Image-caption web data
========

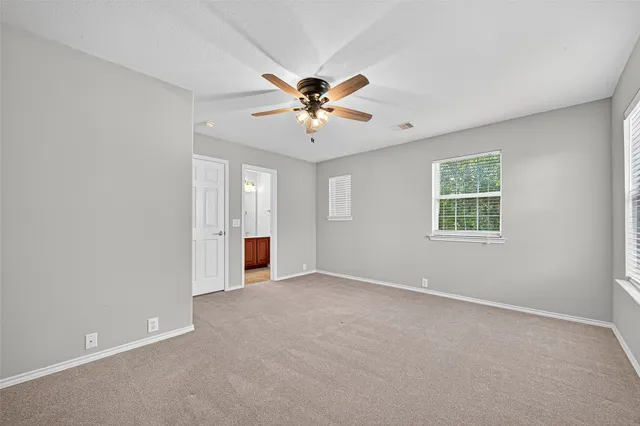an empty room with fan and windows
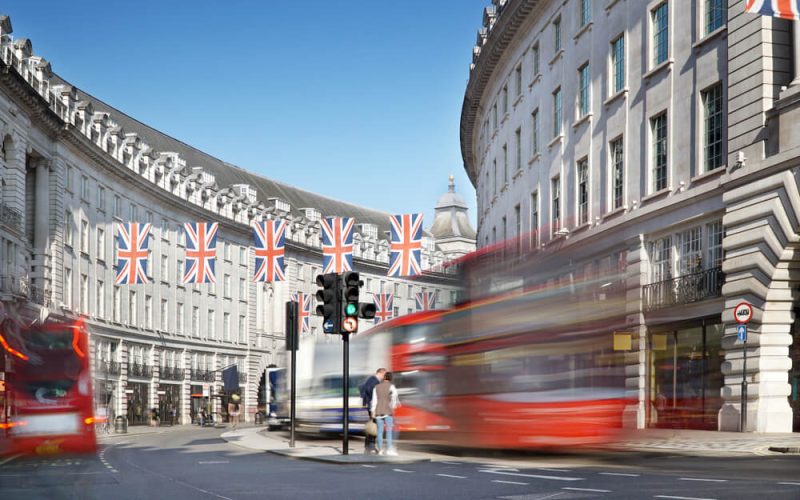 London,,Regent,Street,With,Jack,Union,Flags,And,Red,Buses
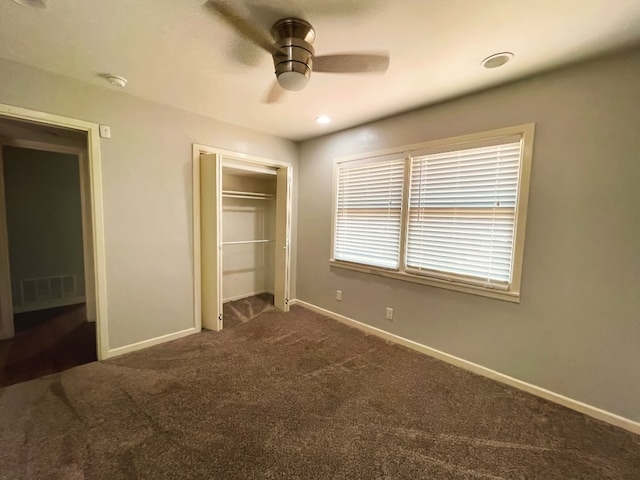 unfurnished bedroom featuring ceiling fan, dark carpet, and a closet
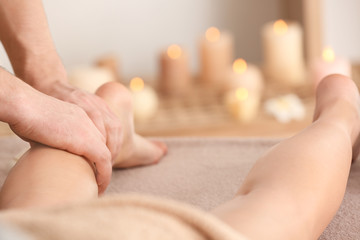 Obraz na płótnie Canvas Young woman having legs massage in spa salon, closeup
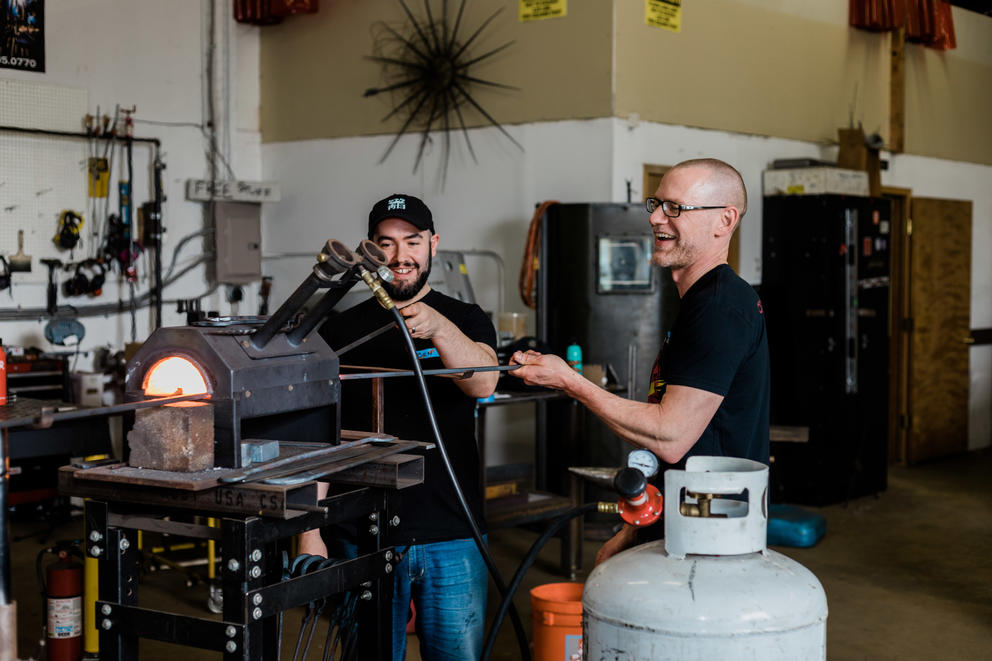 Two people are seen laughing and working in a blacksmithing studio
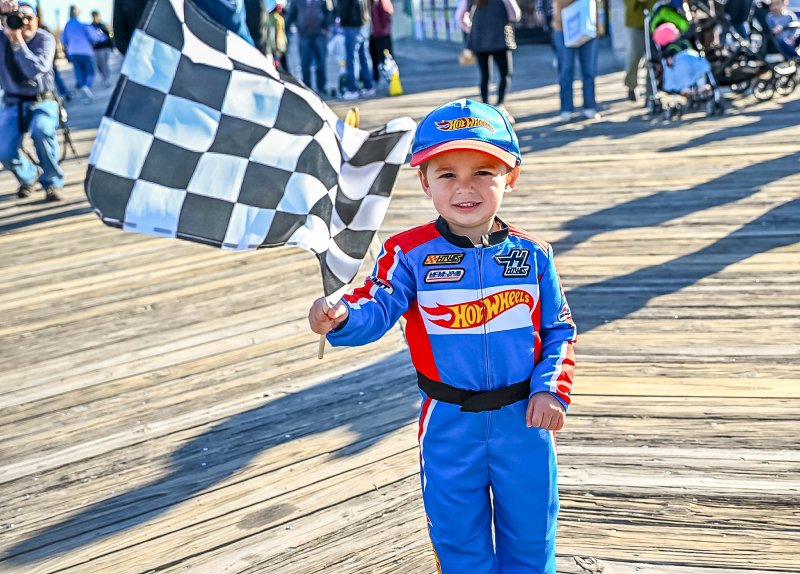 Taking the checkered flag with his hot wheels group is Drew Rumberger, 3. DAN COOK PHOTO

========

*The problem*
When you reach the line containing "Obraz na płótnie" in the entries above, please retype it and each line after it through the last one, exactly, without the pictures.

*Response area*
 Obraz na płótnie Canvas Young woman having legs massage in spa salon, closeup
 Two people are seen laughing and working in a blacksmithing studio
 Taking the checkered flag with his hot wheels group is Drew Rumberger, 3. DAN COOK PHOTO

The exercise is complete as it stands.